About Zenith

Github Page

Q: The stars don't actually move that fast. What's going on?

A: When you see the real stars outside they're not moving that fast. But they do move, say over the course of hours. And in just 30 seconds, they must move across some tiny sliver of the sky. What if that sliver took up your whole screen?

My goal: zoom in enough so that the amount a star moves in 30 seconds would span the screen. Then we'll actually see the earth turning.

The ZenithTrack window covers a patch of sky the size of a grain of rice, held at arm's length.

A View from space (click to explore a 3D model)

This animation demonstrates earth's rotation and your zenith point sweeping a path across the celestial sphere.

Q: Why did the website request to know my location, and what do you do with that information?

A: It asks in order to show the sky over your particular location. That information never leaves your computer. We (smorgasb.org) never see it. You can decline, and it will default to showing the the view overhead Stonehenge. Depending on your device's settings, the location request itself may be suppressed - ie, your browser may not offer the option of sharing your location.

Q: What are the grid lines?

A: They are the coordinate grid on the “Celestial Globe” (see the interactive model above), and are 0.5 arcminutes per side. Just like latitude & longitude on earth, the RA lines (longitude) get closer, the farther north you go, and the Declination lines (latitude) have a constant height.

About Your Personal Ribbon

ZenithTrack shows a strip of the sky, a thin ribbon, one rice-grain tall, about 2,500 rice-grains long. It repeats every sidereal day, (23 hours 56 minutes). It repeats exactly, and doesn't change with the seasons. You share this view with everyone else on earth at your exact latitude. People due east or west of you get the same movie, but starting at a different time.

This viewport is so slim that it is completely different for someone just 5 miles north or south of you. They get a completely different ribbon.
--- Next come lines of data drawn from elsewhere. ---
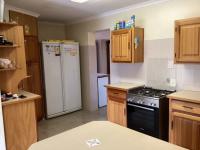  of property in Garsfontein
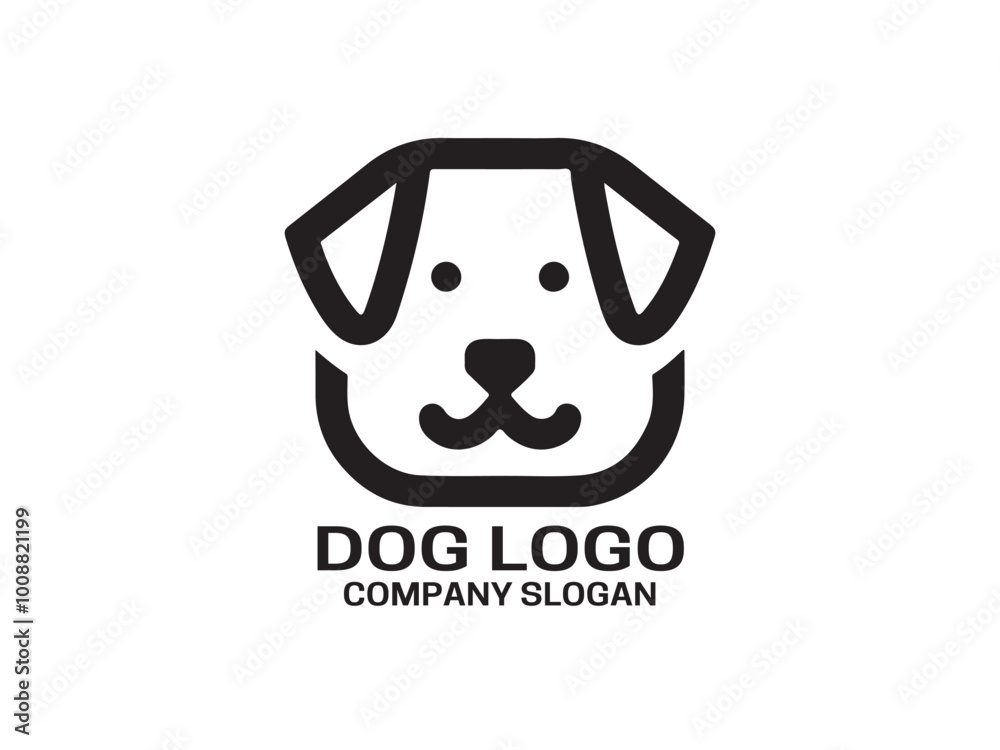 dog dog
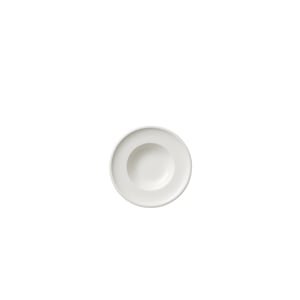 Villeroy & Boch Artesano Professionale Çukur Kase 250 mm 1640252700 - VİLLEROY&BOCH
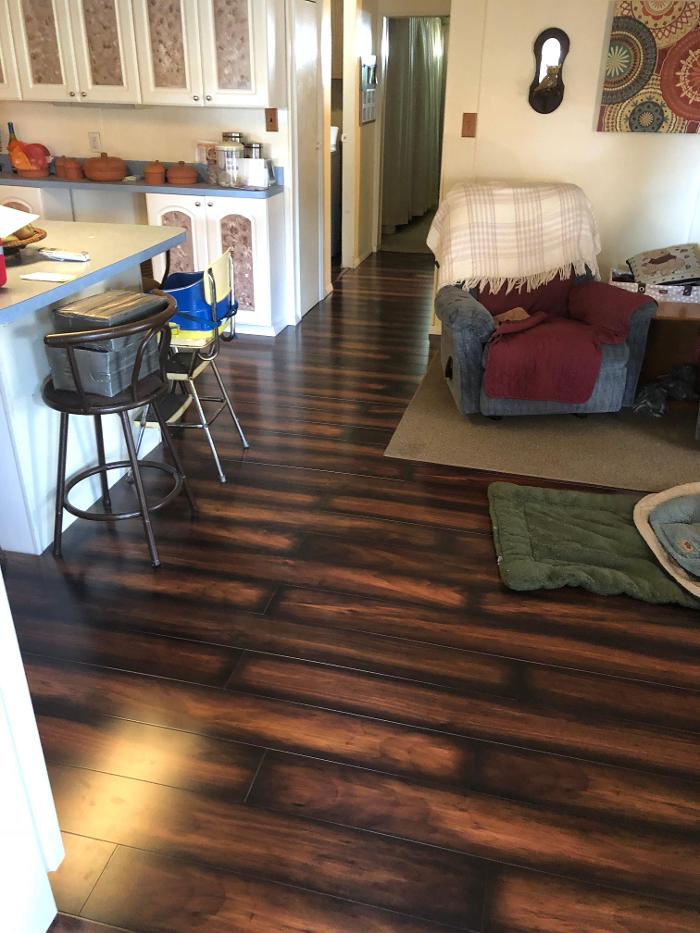 RNR Contracting, Inc. - Colonial Beach, VA
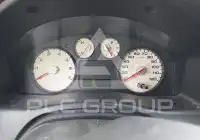 2007 Ford FREESTYLE фото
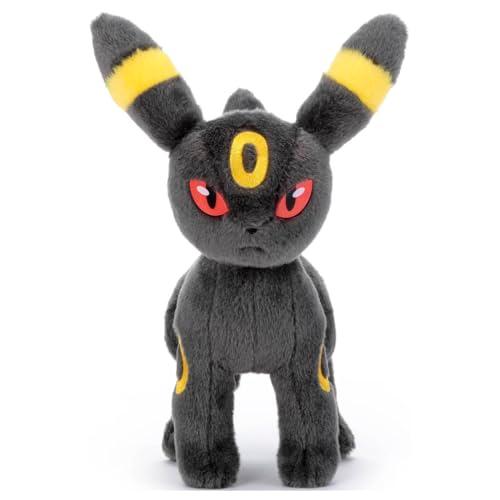 タカラトミーアーツ(TAKARATOMY A.R.T.S) ポケットモンスター ポケモン ポケモン ...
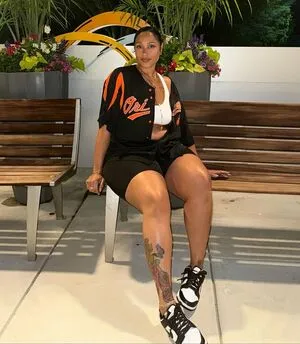 thickfancy OnlyFans Leaked Free Thumbnail Picture - #64saDcFl96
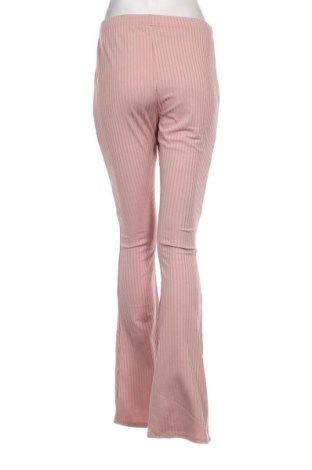 Γυναικείο παντελόνι Topshop, Μέγεθος M, Χρώμα Ρόζ , Τιμή 44,85 €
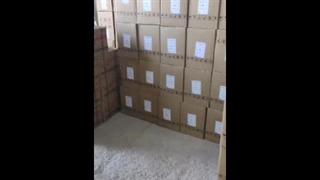 1 کمک فنر ایران (2)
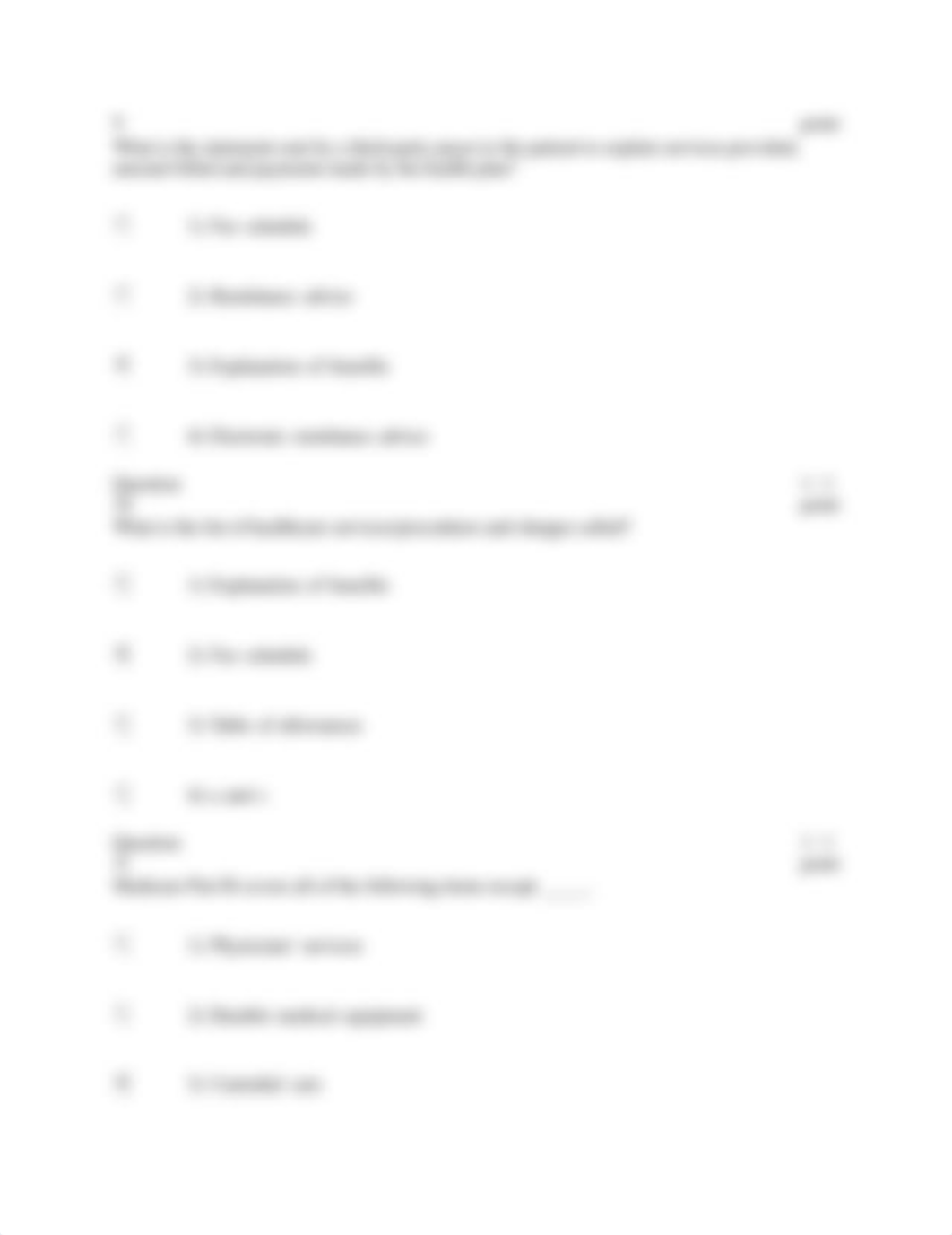 Chapter 7 quiz.docx_desbyxrl51b_page4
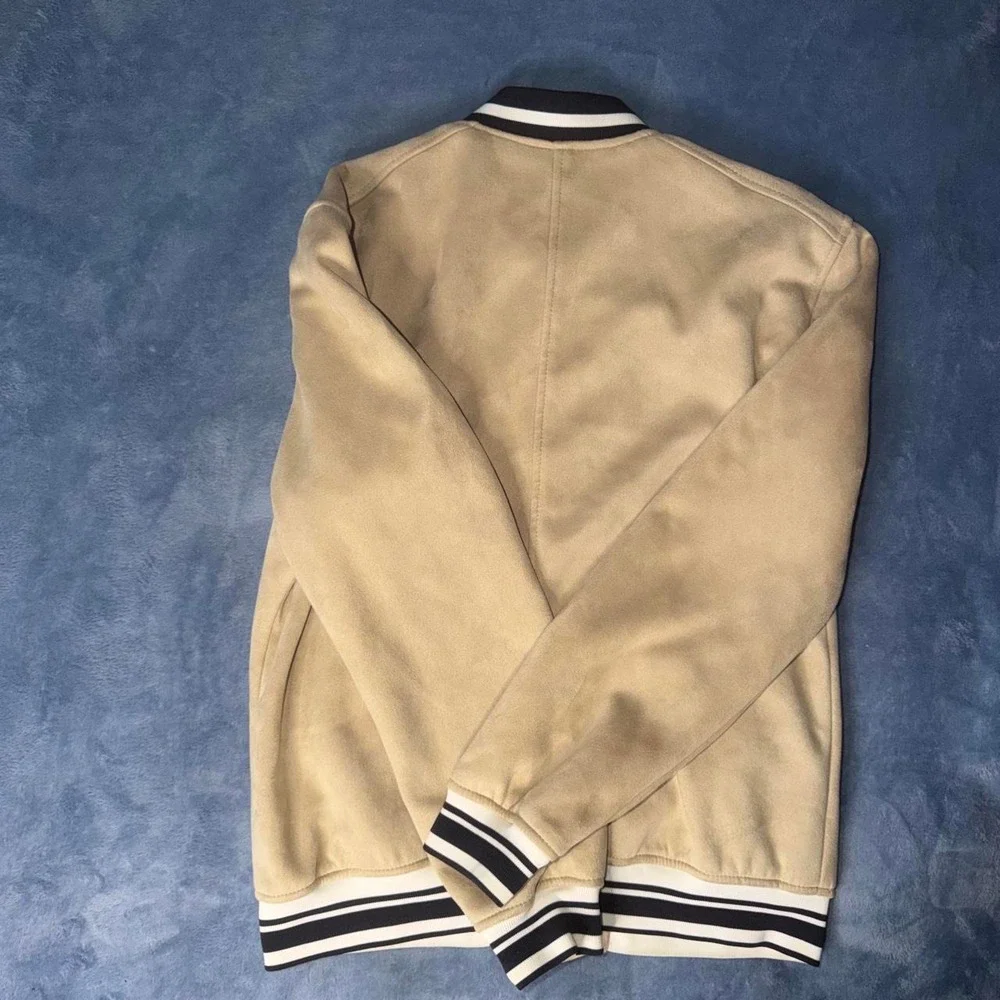 N/A zara mens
People north/south of you: different movie

People due east/west of you: same movie, different times

Image Source: Pan-STARRS astronomical survey, data hosted at the MAST archive at Space Telescope Science Institute

Pan-STARRS1 home page
Space Telescope Science Institute

Special thanks to the STScI help desk at for their superb and prompt support!

Making earth’s rotation visible requires a field of view on the order of arcminutes. For a browser window ~1k pixels wide, PanSTARRS meets this critical need with a resolution of 0.26 arcseconds/pixel.
1000px x 0.26”/px = 260” = 4.33’

PanSTARRS makes this observatory feasible with the necessary:

• resolution
• broad sky coverage
• of visible light

That said, it’s not the ideal image set for our purpose. While it has the resolution and coverage, PanSTARRs' primary mission was moving object detection (near-earth asteroids, etc.) and deep field sensitivity, not providing presentable images of known stars. Hence one tradeoff is frequent oversaturation. Any major star blows out the sensor and shows color distortions. See below.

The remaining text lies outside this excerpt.